#### Goal of the exercise:
Copy the line with "Abu Dhabi Airport’s" and all lines following it through the last line of the entries, exactly as written.

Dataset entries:
####################

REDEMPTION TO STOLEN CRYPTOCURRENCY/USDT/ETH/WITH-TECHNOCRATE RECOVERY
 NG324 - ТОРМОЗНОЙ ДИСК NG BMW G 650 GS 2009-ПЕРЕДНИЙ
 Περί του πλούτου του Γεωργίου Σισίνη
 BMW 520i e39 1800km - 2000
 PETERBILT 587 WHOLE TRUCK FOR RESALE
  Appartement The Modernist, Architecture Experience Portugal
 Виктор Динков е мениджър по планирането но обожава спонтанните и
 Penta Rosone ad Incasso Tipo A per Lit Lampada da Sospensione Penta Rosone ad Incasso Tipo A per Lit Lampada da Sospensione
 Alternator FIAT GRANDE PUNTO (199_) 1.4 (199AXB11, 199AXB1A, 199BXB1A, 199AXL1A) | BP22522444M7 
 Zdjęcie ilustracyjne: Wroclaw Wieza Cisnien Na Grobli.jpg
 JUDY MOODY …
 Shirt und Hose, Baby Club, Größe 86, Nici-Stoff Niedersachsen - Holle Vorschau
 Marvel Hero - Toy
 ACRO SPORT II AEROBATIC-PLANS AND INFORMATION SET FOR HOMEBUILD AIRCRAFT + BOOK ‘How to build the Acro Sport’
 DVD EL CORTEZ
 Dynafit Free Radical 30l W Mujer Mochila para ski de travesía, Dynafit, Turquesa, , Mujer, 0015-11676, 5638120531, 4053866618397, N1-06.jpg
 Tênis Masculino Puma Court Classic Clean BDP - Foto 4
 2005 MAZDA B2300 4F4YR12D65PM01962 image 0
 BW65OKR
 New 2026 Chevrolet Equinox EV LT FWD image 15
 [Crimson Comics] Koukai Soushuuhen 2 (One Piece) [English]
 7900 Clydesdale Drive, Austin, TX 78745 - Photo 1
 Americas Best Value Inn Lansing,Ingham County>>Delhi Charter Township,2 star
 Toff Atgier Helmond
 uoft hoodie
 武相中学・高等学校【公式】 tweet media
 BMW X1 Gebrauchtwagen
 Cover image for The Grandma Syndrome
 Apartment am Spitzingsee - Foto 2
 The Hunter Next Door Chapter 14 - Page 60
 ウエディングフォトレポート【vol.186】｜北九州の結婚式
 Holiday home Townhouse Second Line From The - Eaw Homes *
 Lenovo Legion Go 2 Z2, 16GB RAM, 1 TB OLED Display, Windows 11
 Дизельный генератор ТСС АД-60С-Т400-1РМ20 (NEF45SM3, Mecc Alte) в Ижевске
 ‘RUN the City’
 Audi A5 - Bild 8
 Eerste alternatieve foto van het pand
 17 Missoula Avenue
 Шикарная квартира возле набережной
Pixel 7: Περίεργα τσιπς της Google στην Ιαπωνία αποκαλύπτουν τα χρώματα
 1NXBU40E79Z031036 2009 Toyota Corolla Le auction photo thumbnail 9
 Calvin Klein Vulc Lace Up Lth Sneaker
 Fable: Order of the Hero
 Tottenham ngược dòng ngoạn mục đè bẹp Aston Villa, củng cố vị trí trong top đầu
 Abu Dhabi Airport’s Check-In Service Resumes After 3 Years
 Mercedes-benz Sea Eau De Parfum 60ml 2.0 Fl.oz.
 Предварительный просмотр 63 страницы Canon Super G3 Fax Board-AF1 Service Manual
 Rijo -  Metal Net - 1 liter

####################

#### Response:
 Abu Dhabi Airport’s Check-In Service Resumes After 3 Years
 Mercedes-benz Sea Eau De Parfum 60ml 2.0 Fl.oz.
 Предварительный просмотр 63 страницы Canon Super G3 Fax Board-AF1 Service Manual
 Rijo -  Metal Net - 1 liter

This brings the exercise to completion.